The variable b * is controlled with a pigment from aniline, and the negative of its value indicates the color shift toward blue. The addition of such pigment in the manufacture of paper is directly proportional to the negativity of this parameter, that is, the higher the aniline, the more negative the b *. In deinking, these pigments responsible for the color are detached from the vicinity of the fiber and removed by flotation, so a decrease in this parameter is to be expected after deinking. Opacity is required on all printing papers; it should be sufficient to prevent the printing on the reverse side of the paper from negatively affecting the appearance of a print, so the higher the opacity, the higher the print quality. The result in this test was 89.9%.

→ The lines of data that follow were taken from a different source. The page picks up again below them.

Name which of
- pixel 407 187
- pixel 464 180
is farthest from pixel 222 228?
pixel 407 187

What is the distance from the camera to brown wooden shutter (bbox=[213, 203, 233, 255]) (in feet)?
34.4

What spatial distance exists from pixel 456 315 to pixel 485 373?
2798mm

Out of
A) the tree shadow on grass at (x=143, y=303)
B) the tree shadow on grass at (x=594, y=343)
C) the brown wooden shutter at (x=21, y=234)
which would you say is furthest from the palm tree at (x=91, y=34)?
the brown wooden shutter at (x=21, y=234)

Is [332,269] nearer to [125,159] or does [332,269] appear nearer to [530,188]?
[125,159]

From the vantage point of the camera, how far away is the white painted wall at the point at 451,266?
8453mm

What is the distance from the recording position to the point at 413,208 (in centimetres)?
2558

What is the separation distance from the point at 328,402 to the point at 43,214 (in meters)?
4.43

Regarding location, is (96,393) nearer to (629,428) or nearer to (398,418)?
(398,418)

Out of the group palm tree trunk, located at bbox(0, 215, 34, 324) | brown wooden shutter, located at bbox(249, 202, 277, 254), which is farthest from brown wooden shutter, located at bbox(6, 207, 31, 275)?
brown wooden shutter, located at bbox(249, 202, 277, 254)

The optical properties evaluated in this work are higher than those obtained under similar experimental conditions by using NaOH and the enzyme cellulase
3.2 Morphology of the deinked fibers
Through scanning electronic microscope (SEM), there is possible to appreciate the morphology of the deinked fibers, to appreciate the degree of fibrillation, because its intensity affects the mechanical properties of the fiber. In the micrographs of the pulp deinked with aspartate, glutamate, asparagine (Figures 6–10), and a mixture of them, it is observed that the depolymerization induced by amino acids does not represent excessive fibrillation that affects the internal morphology of the cellulose fiber and therefore its mechanical properties. No particles of toner or printing ink are seen, only small agglomerations, possibly of starch, precipitated calcium carbonate, and/or residues of other additives typical of the manufacture of paper.

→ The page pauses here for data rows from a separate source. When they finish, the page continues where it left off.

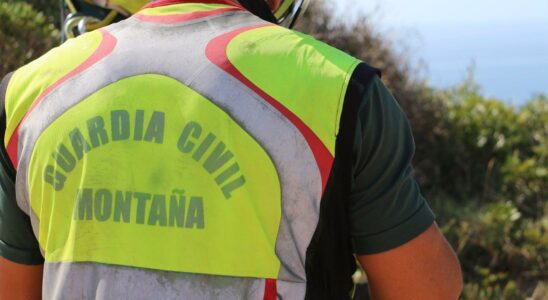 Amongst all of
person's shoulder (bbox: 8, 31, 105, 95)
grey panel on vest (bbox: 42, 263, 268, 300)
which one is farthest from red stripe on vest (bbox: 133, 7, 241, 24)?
grey panel on vest (bbox: 42, 263, 268, 300)

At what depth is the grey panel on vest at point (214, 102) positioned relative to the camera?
5.77 ft

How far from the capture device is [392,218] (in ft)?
6.00

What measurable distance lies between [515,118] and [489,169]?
1.99 feet

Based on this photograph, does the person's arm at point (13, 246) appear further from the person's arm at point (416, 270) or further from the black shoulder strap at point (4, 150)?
the person's arm at point (416, 270)

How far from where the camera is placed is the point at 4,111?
1943mm

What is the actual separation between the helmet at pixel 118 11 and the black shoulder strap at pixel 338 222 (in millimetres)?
362

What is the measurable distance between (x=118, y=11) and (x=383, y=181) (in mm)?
1275

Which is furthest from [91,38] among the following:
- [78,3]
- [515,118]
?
[515,118]

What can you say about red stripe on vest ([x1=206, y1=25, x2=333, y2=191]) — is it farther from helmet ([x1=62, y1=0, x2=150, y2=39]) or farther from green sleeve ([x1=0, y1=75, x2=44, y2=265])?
helmet ([x1=62, y1=0, x2=150, y2=39])

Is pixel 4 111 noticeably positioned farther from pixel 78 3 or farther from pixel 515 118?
pixel 515 118

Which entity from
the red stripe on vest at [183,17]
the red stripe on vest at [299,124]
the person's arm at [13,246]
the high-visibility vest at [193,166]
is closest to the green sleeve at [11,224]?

Figure 10 shows the micrograph of fibers from test 8, which obtained the best results of the optical characteristics, from it can be seen that the morphological structure of the fiber retains its robustness, and some fibers look flatter than others, as a result of forming the sheets of paper; however, there is no fibrillation or excessive fine formation. The fragmentation of inks is another phenomenon that occurs in deinking processes, which is desirable up to a certain point so that the particles formed from these acquire the appropriate size to be floated more efficiently. When this happens, papers with superior brightness and whiteness are obtained, without considerable repercussions on the mechanical properties of the deinked fiber.

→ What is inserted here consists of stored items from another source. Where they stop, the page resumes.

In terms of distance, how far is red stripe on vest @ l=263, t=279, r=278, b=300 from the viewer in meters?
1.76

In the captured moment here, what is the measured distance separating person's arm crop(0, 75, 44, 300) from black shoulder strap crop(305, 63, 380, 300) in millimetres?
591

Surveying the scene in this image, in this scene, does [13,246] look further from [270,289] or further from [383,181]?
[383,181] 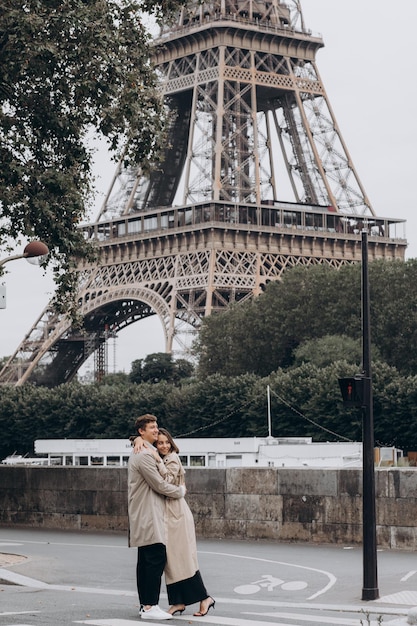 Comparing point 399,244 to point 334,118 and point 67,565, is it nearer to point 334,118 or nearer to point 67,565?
point 334,118

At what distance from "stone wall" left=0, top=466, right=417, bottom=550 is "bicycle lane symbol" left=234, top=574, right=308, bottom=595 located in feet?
15.5

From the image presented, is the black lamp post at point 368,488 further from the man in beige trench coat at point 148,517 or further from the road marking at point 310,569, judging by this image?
the man in beige trench coat at point 148,517

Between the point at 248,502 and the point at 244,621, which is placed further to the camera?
the point at 248,502

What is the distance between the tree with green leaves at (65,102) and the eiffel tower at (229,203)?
53100 millimetres

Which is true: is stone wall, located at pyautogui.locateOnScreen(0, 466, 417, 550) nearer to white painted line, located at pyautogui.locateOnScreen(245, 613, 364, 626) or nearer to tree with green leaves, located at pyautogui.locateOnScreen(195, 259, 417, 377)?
white painted line, located at pyautogui.locateOnScreen(245, 613, 364, 626)

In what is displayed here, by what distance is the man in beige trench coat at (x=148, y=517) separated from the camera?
13953 mm

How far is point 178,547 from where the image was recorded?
14047mm

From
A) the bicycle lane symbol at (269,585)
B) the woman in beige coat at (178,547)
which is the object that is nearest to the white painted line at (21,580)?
the bicycle lane symbol at (269,585)

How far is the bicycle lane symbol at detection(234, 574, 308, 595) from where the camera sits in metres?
16.9

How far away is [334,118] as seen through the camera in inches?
3482

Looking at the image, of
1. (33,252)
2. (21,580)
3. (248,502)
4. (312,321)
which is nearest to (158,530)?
(21,580)

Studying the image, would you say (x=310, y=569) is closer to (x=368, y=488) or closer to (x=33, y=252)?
(x=368, y=488)

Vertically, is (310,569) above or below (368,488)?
below

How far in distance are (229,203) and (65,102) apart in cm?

In the present work, through the mathematical simulation and analysis of the molecular coupling of the enzyme to cellulose, by the docking technique, the enzymes with the best coupling between the enzyme-cellulose complexes were aspartate, glutamate, and asparagine.
From the paper deinking experiments using these enzymes, the chemical mixture of the three amino acids results in the highest values of optical properties of the paper sheets formed with the deinked fibers: ISO whiteness or brightness (90.8), reflectance (34.7), opacity (89.9), and tonality (L* = 95,3, a* = 1.7, and b* = −4.52), being these values higher than those obtained through conventional methods.
It is worth mentioning the importance of the flotation column during the deinking, due to the fact of the number of bubbles available for capturing the ink particles.